== REQUIREMENT ==
Copy every record verbatim. Leave the pictures out.

(PROVIDED DATA Opens)

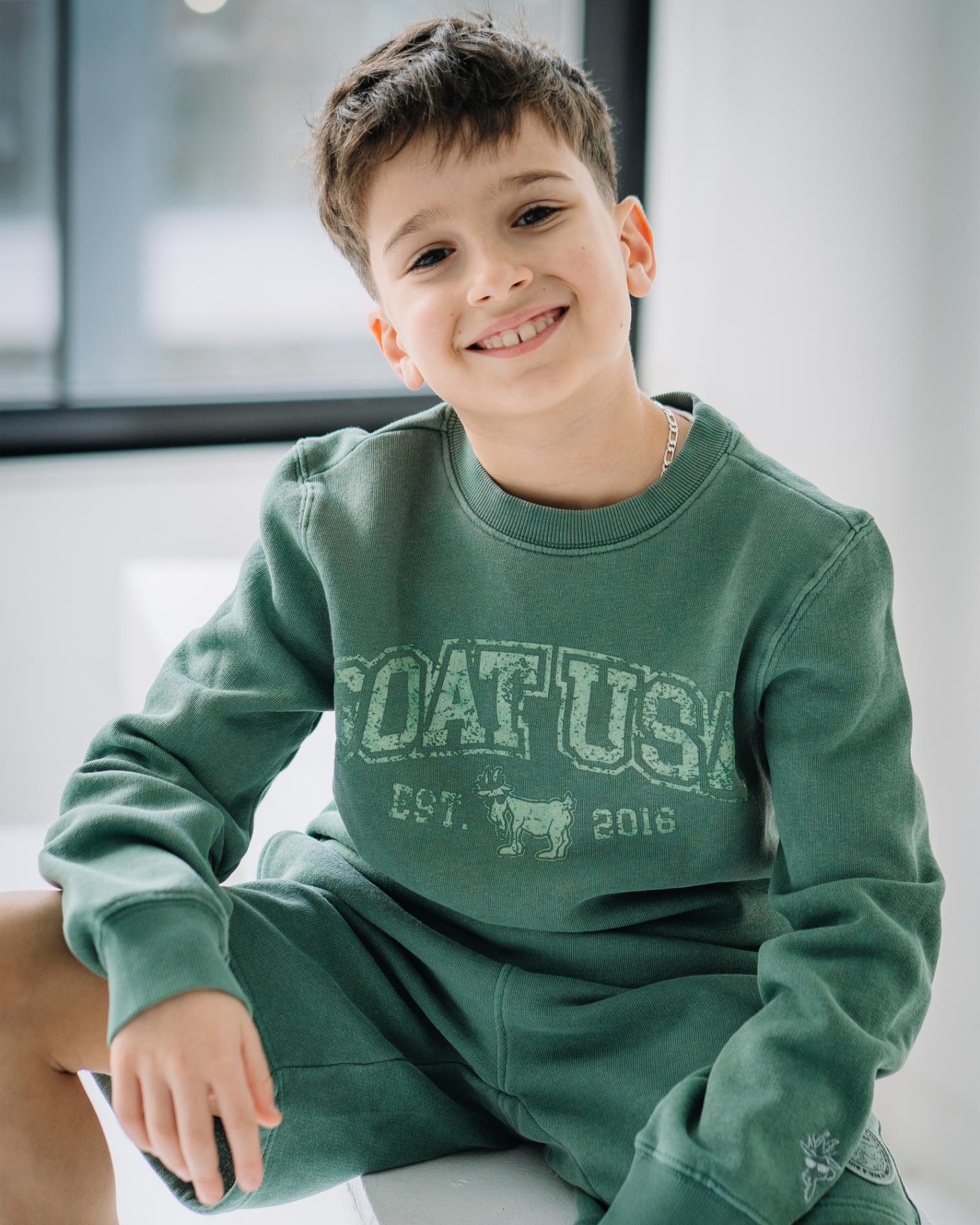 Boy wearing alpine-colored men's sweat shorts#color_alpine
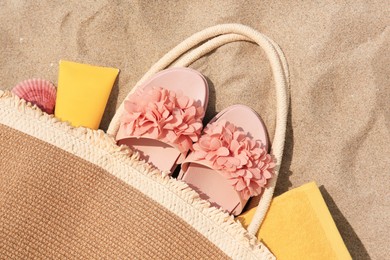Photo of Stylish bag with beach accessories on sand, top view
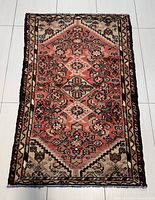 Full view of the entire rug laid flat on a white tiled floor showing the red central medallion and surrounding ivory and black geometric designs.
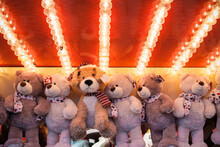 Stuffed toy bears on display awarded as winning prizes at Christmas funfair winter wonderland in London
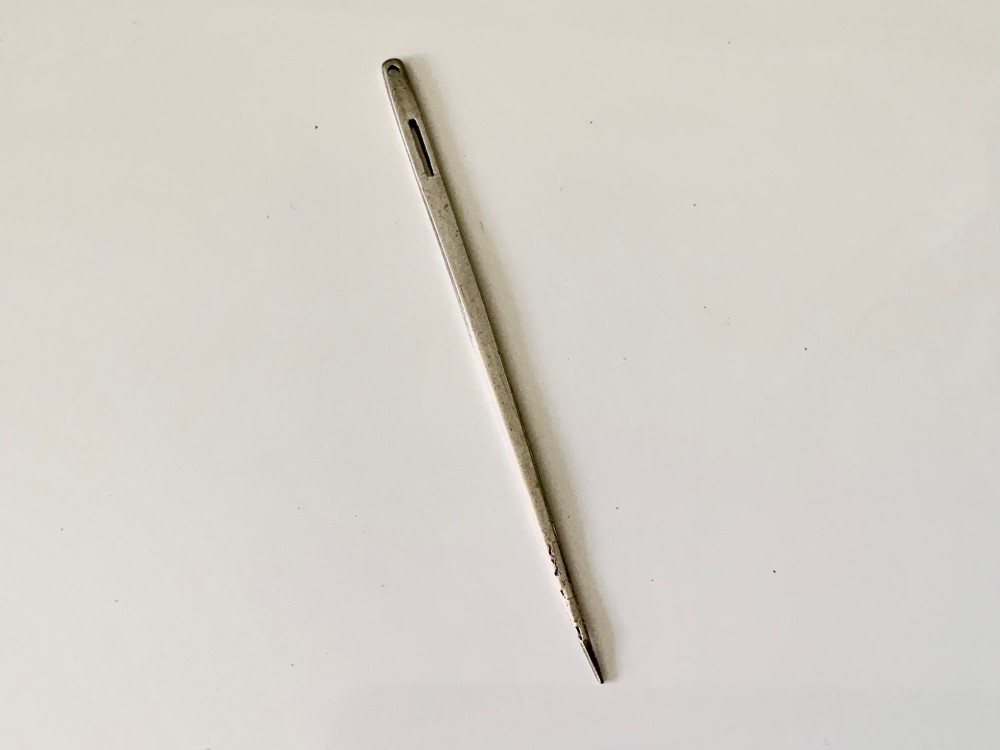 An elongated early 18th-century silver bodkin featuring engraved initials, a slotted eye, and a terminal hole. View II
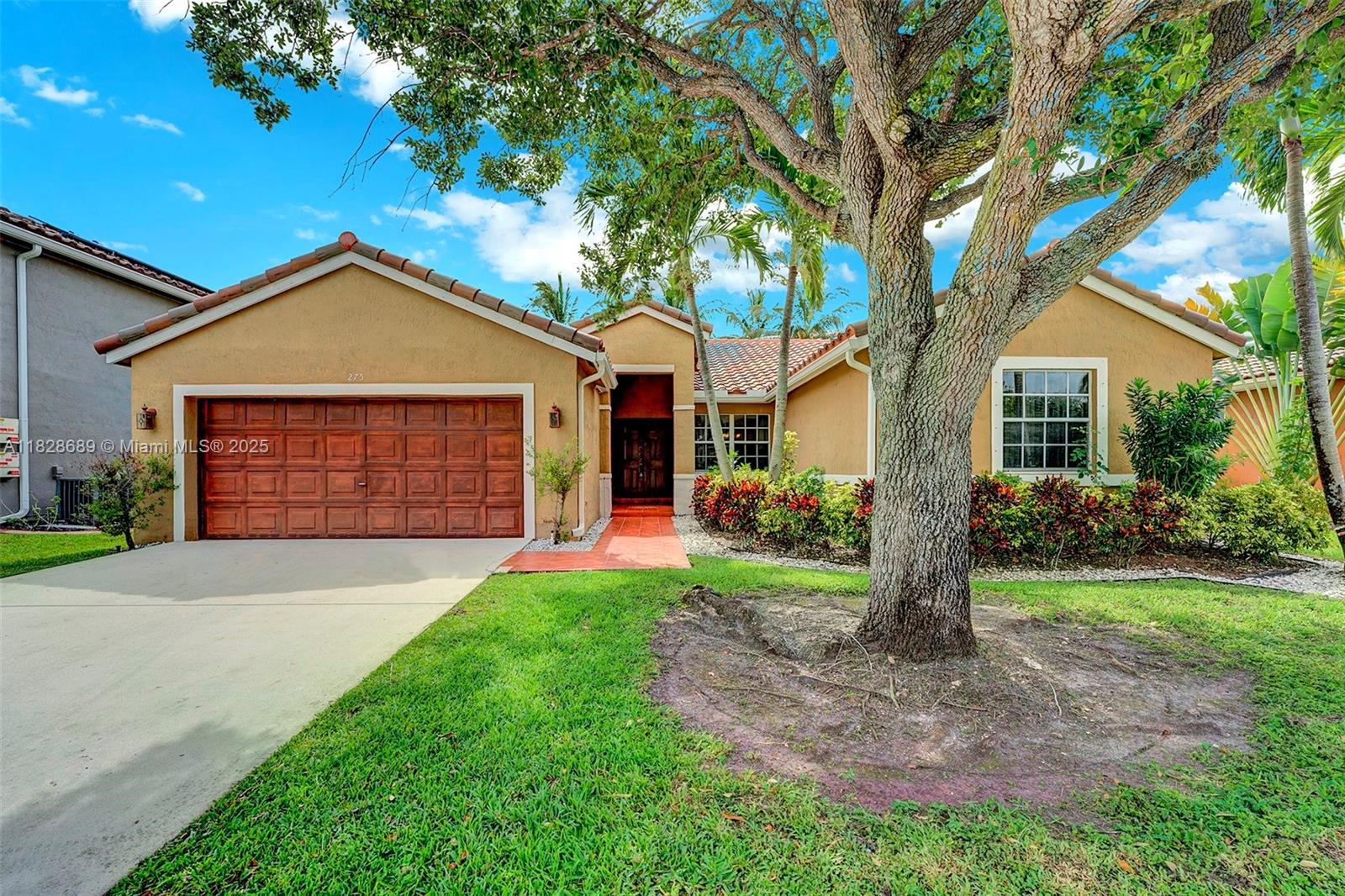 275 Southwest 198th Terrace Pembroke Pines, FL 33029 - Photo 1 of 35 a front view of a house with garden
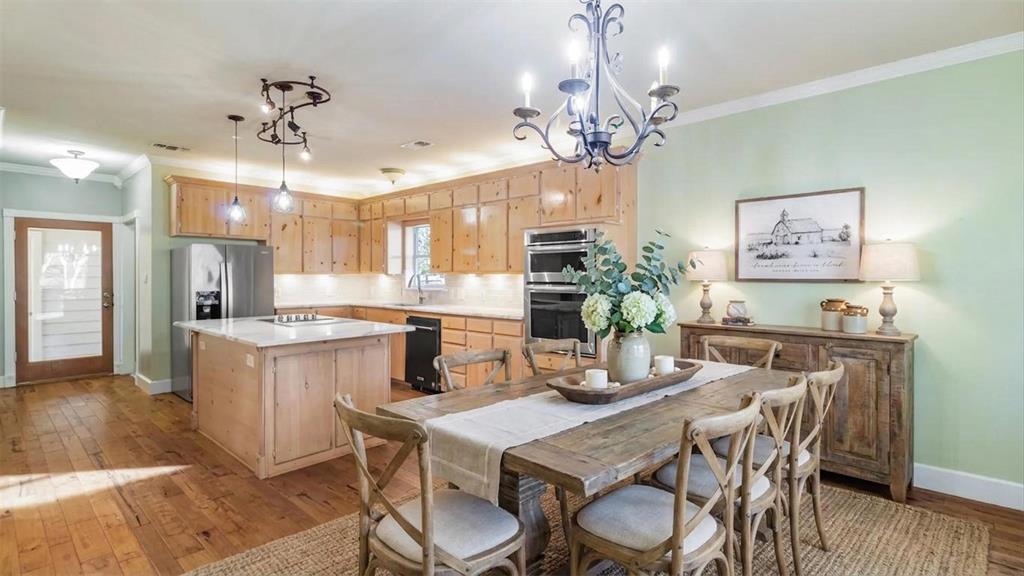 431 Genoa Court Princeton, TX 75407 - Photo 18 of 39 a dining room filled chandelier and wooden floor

(PROVIDED DATA Closes)

== YOUR SOLUTION ==
 Boy wearing alpine-colored men's sweat shorts#color_alpine
Photo of Stylish bag with beach accessories on sand, top view
 Full view of the entire rug laid flat on a white tiled floor showing the red central medallion and surrounding ivory and black geometric designs.
 Stuffed toy bears on display awarded as winning prizes at Christmas funfair winter wonderland in London
 An elongated early 18th-century silver bodkin featuring engraved initials, a slotted eye, and a terminal hole. View II
 275 Southwest 198th Terrace Pembroke Pines, FL 33029 - Photo 1 of 35 a front view of a house with garden
 431 Genoa Court Princeton, TX 75407 - Photo 18 of 39 a dining room filled chandelier and wooden floor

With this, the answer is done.